Having graduated from college and fresh in the ‘real’ world, it is the perfect time to experiment and paint your ideas on a blank canvas.

Add to that, the success experienced by young founders like Bhavesh Agarwal (OLA) and Ritesh Agarwal (OYO) have proved that age is no bar when it comes to setting up successful ventures.

While business founders seem to be getting younger and the 20s might seem the perfect gamble, there are a lot of hidden costs that you realise only when you enter the startup world.

I started my entrepreneurship journey at 24.

I still remember my first sales pitch -- an event filled with 80 women, and I had about two minutes to get my message across.

I distinctly remember my heart racing, my hands being all over the place and my inner self-saying 'Boy, this is just the start.'

I walked back home a little overwhelmed -- the joy of getting two orders was mixed with nervousness; this was only the first step of the mysterious journey that lied ahead.

Most importantly, I felt I grew a little in those two minutes.

The Pros

Nothing beats the energy of a 20s entrepreneur

The beauty of building a venture in the 20s is that you feel that you can do it all.

This attitude makes you push boundaries and discover yourself in new dimensions.

If someone told me three years ago that I would become a product designer, I would have laughed.

To back my laughter, I never got more than a C in art in school. But the lack of budget and inability to find a designer pushed me to learn design principles and techniques.

While wearing multiple hats can make every day seem different, it can also be mentally exhausting over a period of time.

Over the last 3 hours, I have gone from writing an ad-copy to hiring a new team member to looking at a new tax regulation which might impact our future revenue.

The same energy that can help you conquer amazing feats might get worn out if it is not channelled carefully.

Time is on your side (if you have the patience)

In the 20s, financial responsibilities are as low as they can be compared to the rest of your life. You travel with hardly any baggage.

This definitely helps put on a fearless attitude and you are able to take decisions more quickly than fellow entrepreneurs in their 30s or 40s.

While the flexibility is great, the 20's are also when you are the most impatient. The instability and undefined wait can play on your mind.

Especially, when you see your 'well-settled' friends book exotic holidays or buy their first car, you will be frequently reminded of what money can buy.

The cons

Relationships take a backseat and emotions take the front row

Building a venture is an emotional rollercoaster.

You experience constant mood swings and it’s hard to separate your personal and professional life.

My family has come to terms with me zoning out during dinner and 7-day work week seems normal.

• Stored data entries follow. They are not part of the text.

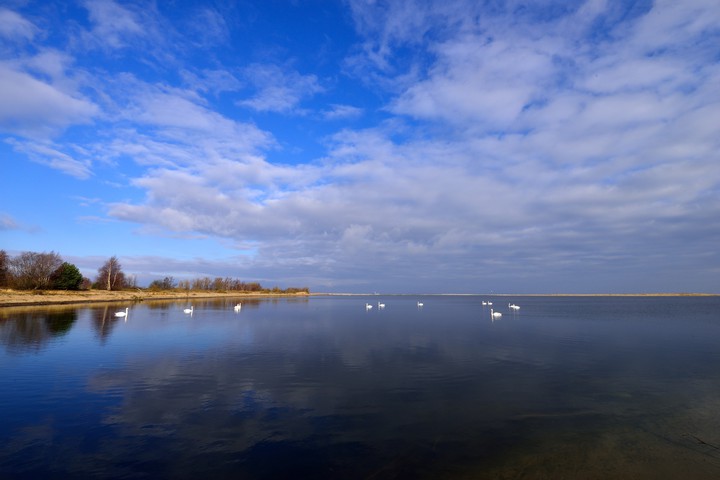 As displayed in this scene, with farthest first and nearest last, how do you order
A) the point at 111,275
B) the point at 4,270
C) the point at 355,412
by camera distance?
the point at 111,275, the point at 4,270, the point at 355,412

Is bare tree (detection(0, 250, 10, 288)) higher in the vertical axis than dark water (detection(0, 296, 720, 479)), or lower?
higher

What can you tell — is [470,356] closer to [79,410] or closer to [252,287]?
[79,410]

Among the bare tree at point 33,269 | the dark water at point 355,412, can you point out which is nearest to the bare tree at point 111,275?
the bare tree at point 33,269

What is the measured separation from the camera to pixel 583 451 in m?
10.4

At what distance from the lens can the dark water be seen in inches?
373

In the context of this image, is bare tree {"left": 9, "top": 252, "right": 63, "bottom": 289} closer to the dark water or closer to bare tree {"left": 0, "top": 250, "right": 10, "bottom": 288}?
bare tree {"left": 0, "top": 250, "right": 10, "bottom": 288}

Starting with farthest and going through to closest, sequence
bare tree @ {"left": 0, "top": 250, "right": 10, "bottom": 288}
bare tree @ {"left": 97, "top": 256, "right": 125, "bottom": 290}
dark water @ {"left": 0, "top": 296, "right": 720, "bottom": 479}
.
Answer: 1. bare tree @ {"left": 97, "top": 256, "right": 125, "bottom": 290}
2. bare tree @ {"left": 0, "top": 250, "right": 10, "bottom": 288}
3. dark water @ {"left": 0, "top": 296, "right": 720, "bottom": 479}

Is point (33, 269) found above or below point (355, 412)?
above

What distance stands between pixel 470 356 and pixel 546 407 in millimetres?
10449

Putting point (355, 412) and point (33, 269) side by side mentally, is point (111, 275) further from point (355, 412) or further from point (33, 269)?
point (355, 412)

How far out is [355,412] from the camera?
13398 millimetres

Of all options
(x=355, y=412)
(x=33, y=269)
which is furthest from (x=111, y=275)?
(x=355, y=412)

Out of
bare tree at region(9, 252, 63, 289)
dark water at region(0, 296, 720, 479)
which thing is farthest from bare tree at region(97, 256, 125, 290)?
dark water at region(0, 296, 720, 479)

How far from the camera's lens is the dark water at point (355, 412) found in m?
9.48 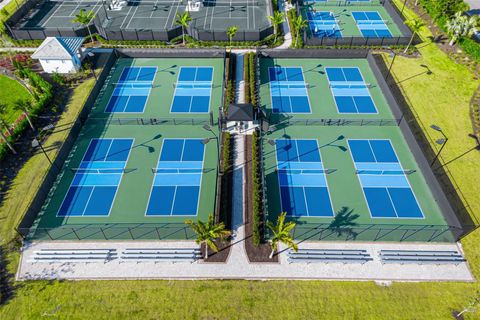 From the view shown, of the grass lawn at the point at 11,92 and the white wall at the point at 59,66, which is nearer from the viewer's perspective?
the grass lawn at the point at 11,92

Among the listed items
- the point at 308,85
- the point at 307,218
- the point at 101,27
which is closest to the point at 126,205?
the point at 307,218

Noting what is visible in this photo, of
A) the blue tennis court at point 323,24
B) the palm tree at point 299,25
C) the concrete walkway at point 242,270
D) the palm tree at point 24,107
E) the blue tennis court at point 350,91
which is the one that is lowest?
the concrete walkway at point 242,270

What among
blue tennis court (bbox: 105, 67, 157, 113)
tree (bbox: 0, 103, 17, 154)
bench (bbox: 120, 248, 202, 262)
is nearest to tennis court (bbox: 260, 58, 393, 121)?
blue tennis court (bbox: 105, 67, 157, 113)

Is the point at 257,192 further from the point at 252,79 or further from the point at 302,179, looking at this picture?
the point at 252,79

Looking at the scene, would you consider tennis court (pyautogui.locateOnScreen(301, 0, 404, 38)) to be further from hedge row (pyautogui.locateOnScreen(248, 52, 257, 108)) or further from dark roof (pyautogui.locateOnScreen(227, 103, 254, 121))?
dark roof (pyautogui.locateOnScreen(227, 103, 254, 121))

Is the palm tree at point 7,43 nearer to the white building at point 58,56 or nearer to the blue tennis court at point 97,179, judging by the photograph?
the white building at point 58,56

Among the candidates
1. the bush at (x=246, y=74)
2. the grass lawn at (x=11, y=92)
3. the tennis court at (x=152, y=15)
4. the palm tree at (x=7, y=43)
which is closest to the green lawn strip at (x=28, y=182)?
the grass lawn at (x=11, y=92)

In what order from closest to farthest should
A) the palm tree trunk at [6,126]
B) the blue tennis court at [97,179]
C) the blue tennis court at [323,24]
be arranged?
the blue tennis court at [97,179] → the palm tree trunk at [6,126] → the blue tennis court at [323,24] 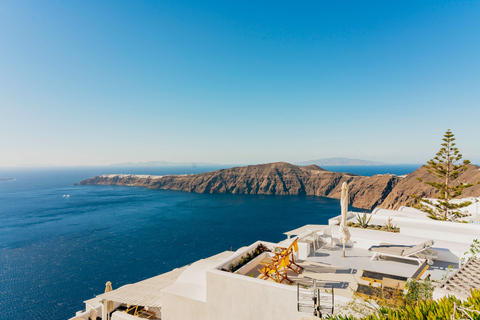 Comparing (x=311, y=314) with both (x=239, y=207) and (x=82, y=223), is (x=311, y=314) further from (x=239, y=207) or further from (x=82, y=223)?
(x=239, y=207)

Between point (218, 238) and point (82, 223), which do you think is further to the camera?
point (82, 223)

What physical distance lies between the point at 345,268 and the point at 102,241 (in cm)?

I distinctly remember this one incident, where I walked into the office and started discussing a new customer order.

My team spent about 30 mins searching for this order in our system, only to realise this order was created in my dream.

It might seem crazy but the more I talk to my fellow founders, I realise we are all in the same boat.

It's easy to get carried away

In an era where start-ups are glamourised and start-up founders like Mark Zuckerberg, Evan Spiegel are considered heroes, it is easy to get carried away with their quick success.

In an age of instant results, we expect businesses to take off from day one.

Always remember, that quick success stories like Zuckerberg are the anomaly in the start-up world.

While one must definitely get inspired for quick success, it is equally important to know the ground reality.

Building a company is a marathon and most businesses take at least one year to take off the ground.

So when you are starting off, set realistic goals and give yourself and the business time to grow.

To all the young and energetic guns out there -- beyond success and failure, the experience of building a venture in your 20s is humbling, to say the least.

The confidence, resilience and the accountability you gain building a business in your 20s will lay the foundation for the coming decades.

It's never going to be easy but it is sure worth the shot -- so go ahead and start-up because you will never be old and wise tomorrow if you aren't young and crazy today.

 Lead image published only for representational purposes.